Remember how you used to look yourself in the mirror, on the days when you gathered the courage to do so, and you couldn’t recognize the person you saw? Remember how many times you told yourself how you didn’t like yourself anymore, how you were no longer the woman you used to be? Oh, darling, I know you remember it too well.

The things you lived through, the torment you underwent every day, made you forget your strengths. You felt like you had lost all the power in your body, you stopped appreciating yourself as a unique human being, you stopped reminding yourself how you were an ever-growing, competent and compassionate person because you stopped believing in it. But I’m here to remind you of all of that.

You might’ve forgotten what an incredible human being you are but it doesn’t mean that person has faded away. It doesn’t mean that person is no longer alive. It doesn’t mean that person is not coming back. You’re still there, you just need to remember what it feels like to live life without fear of your abuser.

I know you feel like your soul has been ripped apart but that’s because we all get a bit bruised after our life’s battles. Have you ever seen a strong person with an easy past? Me neither. So remember, you are not a victim, you are a warrior. Healing after emotional abuse is a long process but you already took the first step—you freed yourself of your tormentor.

You’re still not over it but you have to know that’s okay. The aftermath of emotional abuse is something we all need to go through but remember the worst is over. Hold on for a little while. It gets better, I promise.

You need to know your life changes after surviving an emotional abuse. You know those triggers you have? You know how you’re still questioning your self-worth, you know how you sometimes tell yourself how you’re not good enough or how nobody is going to love you or how you don’t deserve to be happy? Well, that’s not you, those are the remains of the hell you’ve been through. Hence: been through and survived.

Now you’re walking on eggshells.
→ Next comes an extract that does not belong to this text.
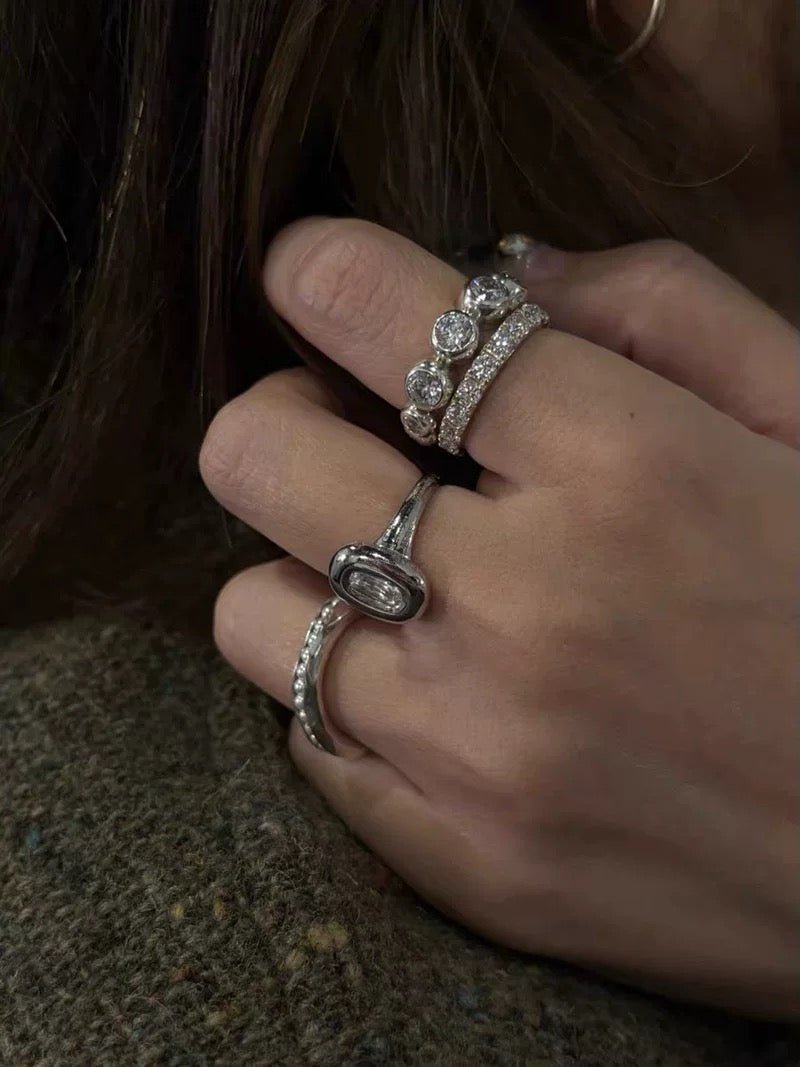 Bubble Zircon Band Ring | 925 Silver Stacking Ring - floysun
I know you’re carefully choosing your words, your actions and everything, in the fear that you could be treated badly again. But what I feel obligated to remind you of is that it’s not your fault. See, an abuser will be an abuser no matter what you do. Even if you’re the most well-behaved person in the world, he’d still find something to make you feel miserable about. It might sound like a cliche, but really, it’s not you, it’s him. You just had unfortunate luck to fall for the wrong guy. That’s where your ‘part of the guilt’ begins and ends.

I know you wish someone had told you about emotional abuse and all the things a woman needs to know but I’m afraid we’re still scared to talk about it. I feel like we’re still ashamed to speak up about the things that we go through because we don’t want to be labeled as damaged. And the worst part is, it’s not us who need to be ashamed but those who abuse women. I live for the day when the world will function that way.
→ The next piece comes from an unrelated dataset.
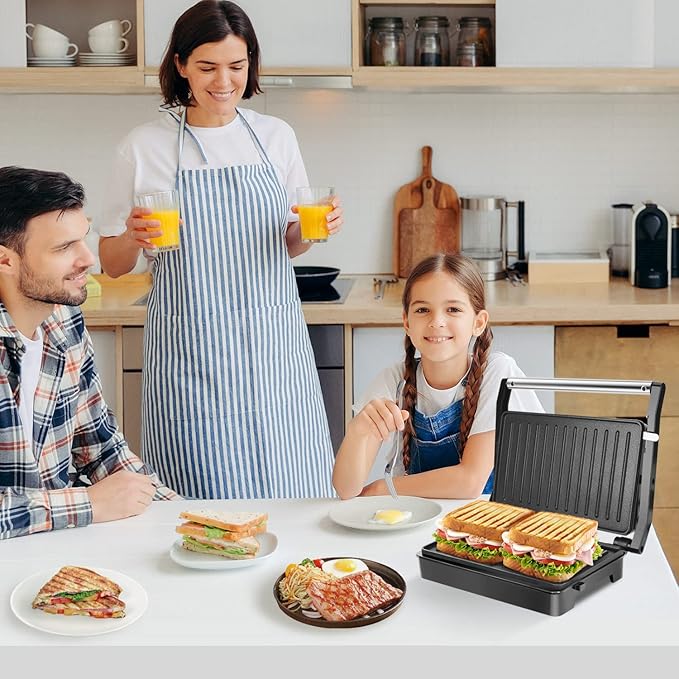 Panini Press Sandwich Maker, Aigostar 1000W Sandwich Press Grill with Non-Stick Coated Plates, Indicator Light, Locking Lid, Cool Touch Handle, Panini Maker Panini Press Grill Easy to Storage & Clean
Perhaps I’m late to tell you everything you need to know about emotional abuse but I’m right on time to stop you from caging your heart. See, the worst thing you could do now is see yourself as a person unworthy of love or see every other man as a potential abuser. I promise you a good guy will come along, don’t cross him off of your love list just because of your past.

You’ve had your lesson but now it’s time to move on with your life. Perhaps you’ll be feeling the effects of the hell you’ve been through for a little while but now at least you know the difference between real men and abusers: real men protect their women, they don’t control or abuse them.

A real man will understand the hell you’ve been through and he’ll choose to love the woman who walked out of it. Give love another chance. You deserve it.